Im Unternehmen beschäftigen wir uns seit einigen Monaten damit, alle Mitarbeiter an der Gestaltung des Unternehmen zu beteiligen. Begonnen haben wir damit gemeinsam, nach 25 Jahren Unternehmenskultur ein Leitbild zu entwickeln. Darin sind die Werte enthalten, die wir als Mitarbeiter tragen wollen und nach denen wir unser Handeln ausrichten wollen. Es soll uns als Mitarbeiter und uns als Firma in Werte ausdrücken. Außerdem sollen Spielregeln entstehen, die die Grenzen unser Zusammenarbeiten zeigen sollen.

Und jetzt bekomme ich, mehr oder weniger nebenbei, dieses Buch in die Hand gedrückt.

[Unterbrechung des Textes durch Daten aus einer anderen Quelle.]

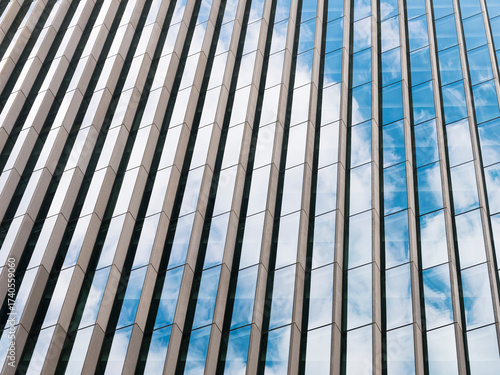 Wallpaper Mural Glass wall Facade Stripe pattern Sky reflection Modern building exterior Architecture details Abstract background Torontodigital.ca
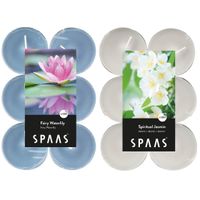 Candles by Spaas geurkaarsen - 24x stuks in 2 geuren Jasmin en Waterlilly flowers - thumbnail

Darin steht, meiner Meinung nach, die logische Konsequenz dieser Entwicklung und ein weg zur Umsetzung einer Mitarbeiter orientierten Unternehmensführung. In der die Mitarbeiter keine Kostengruppen sind (Lohnkosten) und die Geräte das Vermögen darstellen (Anlagevermögen), sondern andersherum. In denen der Chef nicht an der Spitze des Unternehmens thront, sondern das Unternehmen schultert und das Fundament darstellt. (Aus meiner Sicht die zwei wichtigsten Aspekte dieser Änderungen: "Mitarbeiter sind der Wert des Unternehmens.", "Führung kommt von unten.")

Unser Ziel als Unternehmer war es, so habe ich es verstanden, das Potential unserer Mitarbeiter zu nutzen. Jetzt, nach der Lektüre, frage ich mich allerdings, wie so etwas mit unserem Verständnis von Führung und Miteinander überhaupt funktionieren kann und konnte?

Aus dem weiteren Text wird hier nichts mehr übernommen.